WASHINGTON (CNNMoney) -- After a spate of speed bumps this year, the U.S. economy is starting to pick up the pace -- but the 2.5% growth forecast for 2012 still seems sluggish to most Americans, a U.S. Chamber of Commerce economist said Tuesday.
"The problem is that 2.5% is not fast enough," said Martin Regalia, the chamber's top economist, during a panel discussion at the Chamber's headquarters.
Regalia noted that after a bunch of "one-offs," including political uprisings and the earthquake in Japan that disrupted manufacturing supply chains, "we're kind of getting back" to growth, he said.
But Regalia predicted the U.S. economy won't see unemployment drop below 6% until possibly 2020, adding that driving down the jobless rate from the current 9% to below 6% will take a solid three years of growth between 4.5% to 5%.
The biggest problem remains that $6 trillion in housing wealth is gone, Regalia said.
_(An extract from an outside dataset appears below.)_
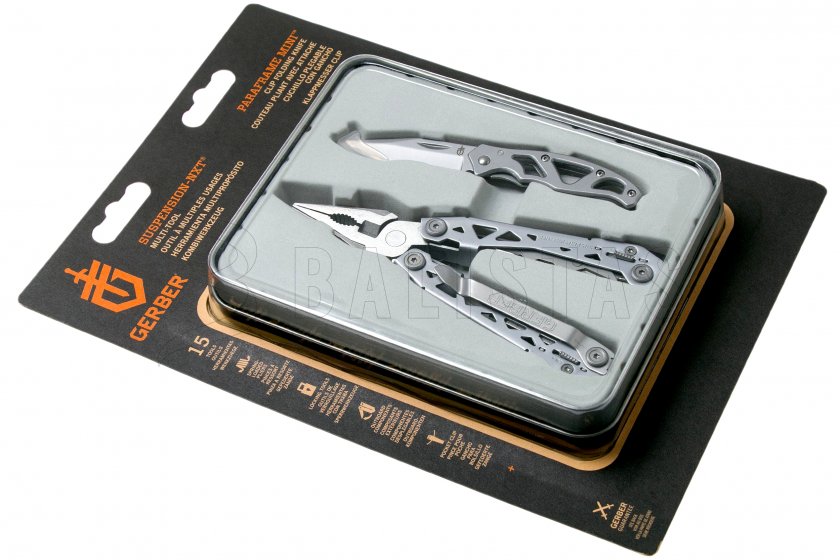 Set Pince Gerber Suspension-NXT + Couteau Mini Paraframe, Boîte cadeau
And the housing sector remains a trouble spot for the U.S. economy.
Until that picks up, "the American people are not going to feel like we're in a recovery at all. And of course that creates political problems," he added.
James Meil, chief economist at Eaton Corp., (ETN, Fortune 500) agreed that the economy is picking up. He warned that Europe is currently going through a mild recession, which would continue to drag on the United States growth efforts.
Meil gave the overall U.S. recovery a rating of a "C." But he gave the manufacturing sector a "B plus," saying that sector is in the midst of a "vibrant" recovery, thanks in large part to capital goods.